Fish Prayers

From inside the fish, Jonah prayed to the LORD his God: “In my distress I called to the LORD and he answered me … You hurled me into the deep … But you brought my life up from the pit, O LORD my God … Those who cling to worthless idols forfeit the grace that could be theirs” (Jonah 2:1, 2, 3, 6, 8).

God uses all kinds of things to invite us into prayer, including the gut of a great fish.

This summer we’re exploring Making Room: what kinds of “tools” or “exercises” can help enlarge our souls, increasing both our desire and capacity for deepening fellowship with our God.  The last two weeks we’ve looked at different ways to engage with Scripture (and how’s that memorizing of Ephesians 6:10-17 coming?).  In these next weeks, we’ll look at prayer.

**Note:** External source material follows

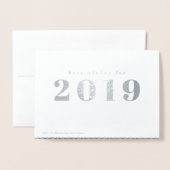 ハッピーホリデー企業の実在ホイルクリスマスカード 箔カード (裏面封筒付き)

The prophet Jonah generally doesn’t make the list of “champions of faith” or “prayer warriors.”  He’s given an assignment by God, runs in the opposite direction, almost causes the destruction of an innocent boat crew and ends up swallowed by a great fish.  Jonah doesn’t pray until he finds himself inside the fish.

Let’s see what we might learn about praying from Jonah’s prayer from the dark, moist belly of a really good-sized fish.

From inside the fish, Jonah prayed —The distresses of life are God’s way of asking, “May I please have your attention?”  Life’s difficulties are not punishments from God, but invitations, invitations to know the Lord more deeply, more personally.  Difficulties, even when they are the result of our own sin and disobedience, can become ways in which God enlarges our souls.  Prayer becomes the way in which we recognize what God is up to, give our permission for him to proceed, and learn how to cooperate in the process.

You hurled me into the deep — Jonah isn’t blaming God, he’s realigning himself with God’s sovereignty.  Nothing comes into our lives that hasn’t first passed through Father’s hands.  If I attempt to understand God through the lens of my circumstances, I will misunderstand both God and my circumstances.  If I learn to see my circumstances through the lens of God’s loving sovereignty, I am freed from reacting against my circumstances and instead learn to respond to the Lord, who is with me, even in the depths of ichthyoid entrails. 

But you brought my life up from the pit — The God who hurls is the God who saves!  There’s not a whole lot—i.e., nothing—that you can do for yourself from inside the gastro-intestinal tract of a large sea creature.  Well, there is one thing: you can learn to pray!

Those who cling to worthless idols forfeit the grace that could be theirs -- I don’t know about you, but one of the main reasons I don’t pray at times is that I’m looking for help from an idol, instead of from the Lord.  My idols have names like Comfort and Convenience, Look Good, Independence, Be in Control, Poor Me.  Perhaps you are familiar with some of them – or know a few I haven’t mentioned yet?

The thing about idols: they are all grace-less.  With them, it’s all buying-and-selling, earning/deserving, credits and debits, spiritual balance sheets and bookkeepers, pay-pay-pay.

With the Lord?  “In my distress I called to the LORD and he answered mehe listened to my cry … Salvation comes from the LORD!” Jonah isn’t rewarded, he hasn’t paid his dues or his debts, he is delivered by the unpurchased, undeserved, unearned grace of God!

Is there something in your life that you would like to pray about, or sense that you should, but don’t?  Take a moment and write it down.  List the reasons you don’t pray about it, everything from “It never occurs to me” or “this is too small (or big) a thing” or “God won’t listen to someone like me” or simply “I have no idea how to.”  And then pray the world’s best, most powerful and most important prayer: “Lord, please help me.”  Try it for a week – and pay attention, see what happens!